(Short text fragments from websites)
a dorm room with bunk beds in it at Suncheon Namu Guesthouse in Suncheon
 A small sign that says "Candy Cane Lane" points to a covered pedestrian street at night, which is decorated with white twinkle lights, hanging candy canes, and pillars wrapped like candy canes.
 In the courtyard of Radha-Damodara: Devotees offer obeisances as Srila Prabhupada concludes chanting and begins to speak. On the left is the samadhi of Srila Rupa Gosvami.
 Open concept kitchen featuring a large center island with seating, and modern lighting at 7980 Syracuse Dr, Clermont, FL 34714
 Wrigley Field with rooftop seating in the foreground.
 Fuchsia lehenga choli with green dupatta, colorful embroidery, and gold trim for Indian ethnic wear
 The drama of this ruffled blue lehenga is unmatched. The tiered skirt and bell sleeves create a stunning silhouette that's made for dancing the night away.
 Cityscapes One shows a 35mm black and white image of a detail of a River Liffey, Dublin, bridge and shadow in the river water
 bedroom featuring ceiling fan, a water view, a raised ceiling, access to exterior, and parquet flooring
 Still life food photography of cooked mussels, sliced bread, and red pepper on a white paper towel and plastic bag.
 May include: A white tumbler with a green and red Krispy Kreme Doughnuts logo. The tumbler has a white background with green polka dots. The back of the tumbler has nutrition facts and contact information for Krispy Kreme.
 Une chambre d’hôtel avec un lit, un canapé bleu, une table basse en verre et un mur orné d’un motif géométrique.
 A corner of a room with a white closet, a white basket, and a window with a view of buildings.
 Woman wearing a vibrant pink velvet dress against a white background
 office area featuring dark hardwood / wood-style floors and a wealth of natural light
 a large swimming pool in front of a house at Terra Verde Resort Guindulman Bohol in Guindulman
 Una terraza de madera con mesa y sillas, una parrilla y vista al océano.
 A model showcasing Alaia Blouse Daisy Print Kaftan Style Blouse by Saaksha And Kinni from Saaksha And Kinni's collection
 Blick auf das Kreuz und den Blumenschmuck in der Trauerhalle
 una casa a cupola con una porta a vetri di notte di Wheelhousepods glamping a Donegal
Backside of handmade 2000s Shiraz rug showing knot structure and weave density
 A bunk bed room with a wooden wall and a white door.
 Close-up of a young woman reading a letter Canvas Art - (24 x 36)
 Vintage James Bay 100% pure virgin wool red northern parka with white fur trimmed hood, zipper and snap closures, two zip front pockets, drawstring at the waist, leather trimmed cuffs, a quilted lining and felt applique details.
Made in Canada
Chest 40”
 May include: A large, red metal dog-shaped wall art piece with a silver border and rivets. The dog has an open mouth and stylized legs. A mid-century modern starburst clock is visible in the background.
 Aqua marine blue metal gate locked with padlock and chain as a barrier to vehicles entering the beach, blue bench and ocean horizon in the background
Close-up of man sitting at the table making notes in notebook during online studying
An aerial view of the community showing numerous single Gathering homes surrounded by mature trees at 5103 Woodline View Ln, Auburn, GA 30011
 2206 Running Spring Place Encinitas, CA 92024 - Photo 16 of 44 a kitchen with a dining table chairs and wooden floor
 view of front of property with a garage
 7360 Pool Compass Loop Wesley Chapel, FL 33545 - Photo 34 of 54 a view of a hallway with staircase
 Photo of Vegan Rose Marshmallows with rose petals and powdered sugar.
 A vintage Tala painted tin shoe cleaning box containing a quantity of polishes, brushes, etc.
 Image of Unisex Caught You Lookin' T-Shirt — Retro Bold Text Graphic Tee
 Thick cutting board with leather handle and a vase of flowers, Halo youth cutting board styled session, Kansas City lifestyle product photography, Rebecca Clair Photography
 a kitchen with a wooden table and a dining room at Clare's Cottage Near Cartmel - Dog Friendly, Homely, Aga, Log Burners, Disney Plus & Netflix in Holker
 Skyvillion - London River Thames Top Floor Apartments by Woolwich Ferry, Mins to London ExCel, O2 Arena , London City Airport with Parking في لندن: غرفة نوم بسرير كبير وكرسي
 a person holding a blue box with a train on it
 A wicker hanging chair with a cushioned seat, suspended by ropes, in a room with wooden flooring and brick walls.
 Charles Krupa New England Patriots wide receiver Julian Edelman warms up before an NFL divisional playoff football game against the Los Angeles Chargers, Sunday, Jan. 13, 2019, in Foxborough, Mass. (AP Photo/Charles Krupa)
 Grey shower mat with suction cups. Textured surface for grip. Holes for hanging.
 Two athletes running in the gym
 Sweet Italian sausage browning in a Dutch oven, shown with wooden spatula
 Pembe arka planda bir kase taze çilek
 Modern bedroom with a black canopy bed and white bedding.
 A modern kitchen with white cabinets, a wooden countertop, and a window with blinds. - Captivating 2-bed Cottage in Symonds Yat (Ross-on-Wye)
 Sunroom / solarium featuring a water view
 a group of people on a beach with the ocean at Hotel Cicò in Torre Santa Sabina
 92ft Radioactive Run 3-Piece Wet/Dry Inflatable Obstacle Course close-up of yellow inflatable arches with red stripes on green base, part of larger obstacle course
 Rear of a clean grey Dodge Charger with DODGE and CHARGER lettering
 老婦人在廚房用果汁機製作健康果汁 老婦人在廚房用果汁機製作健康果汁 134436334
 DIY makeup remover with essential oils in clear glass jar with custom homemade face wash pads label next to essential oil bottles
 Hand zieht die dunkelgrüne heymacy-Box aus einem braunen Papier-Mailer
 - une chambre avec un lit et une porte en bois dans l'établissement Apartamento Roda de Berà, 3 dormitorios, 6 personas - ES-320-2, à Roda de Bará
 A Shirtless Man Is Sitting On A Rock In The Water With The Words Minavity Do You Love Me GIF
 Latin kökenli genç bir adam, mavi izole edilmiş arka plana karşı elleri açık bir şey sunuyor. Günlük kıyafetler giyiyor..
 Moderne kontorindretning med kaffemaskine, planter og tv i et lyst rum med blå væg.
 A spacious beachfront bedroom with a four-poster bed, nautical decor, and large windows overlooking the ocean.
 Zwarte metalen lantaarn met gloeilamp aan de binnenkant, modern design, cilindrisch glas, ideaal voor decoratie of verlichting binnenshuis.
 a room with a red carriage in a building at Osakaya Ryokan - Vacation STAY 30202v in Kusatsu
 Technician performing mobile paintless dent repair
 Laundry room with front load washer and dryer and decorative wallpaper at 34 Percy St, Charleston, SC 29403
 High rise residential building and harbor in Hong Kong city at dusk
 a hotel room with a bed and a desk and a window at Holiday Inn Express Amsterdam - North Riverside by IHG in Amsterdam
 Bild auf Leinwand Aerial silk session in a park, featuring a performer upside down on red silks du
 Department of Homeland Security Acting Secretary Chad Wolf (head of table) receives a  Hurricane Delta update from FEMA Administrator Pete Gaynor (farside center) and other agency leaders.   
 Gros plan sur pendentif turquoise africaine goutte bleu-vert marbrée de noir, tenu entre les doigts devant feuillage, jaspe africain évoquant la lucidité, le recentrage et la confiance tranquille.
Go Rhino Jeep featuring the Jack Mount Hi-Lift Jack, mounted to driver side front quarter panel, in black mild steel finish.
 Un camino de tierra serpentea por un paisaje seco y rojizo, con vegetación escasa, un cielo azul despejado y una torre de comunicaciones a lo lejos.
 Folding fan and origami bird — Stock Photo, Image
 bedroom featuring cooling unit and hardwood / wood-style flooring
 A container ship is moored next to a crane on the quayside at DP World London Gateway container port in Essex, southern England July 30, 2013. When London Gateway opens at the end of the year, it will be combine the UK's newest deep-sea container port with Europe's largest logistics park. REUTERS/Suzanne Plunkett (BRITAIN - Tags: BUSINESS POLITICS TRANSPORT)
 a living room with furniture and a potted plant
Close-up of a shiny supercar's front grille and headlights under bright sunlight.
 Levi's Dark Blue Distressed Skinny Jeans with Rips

- What you have to do
Each line from the one with "Close-up of a shiny" through the last line of the records above must be retyped exactly, and no other line may be given.

- Solution for this exercise
Close-up of a shiny supercar's front grille and headlights under bright sunlight.
 Levi's Dark Blue Distressed Skinny Jeans with Rips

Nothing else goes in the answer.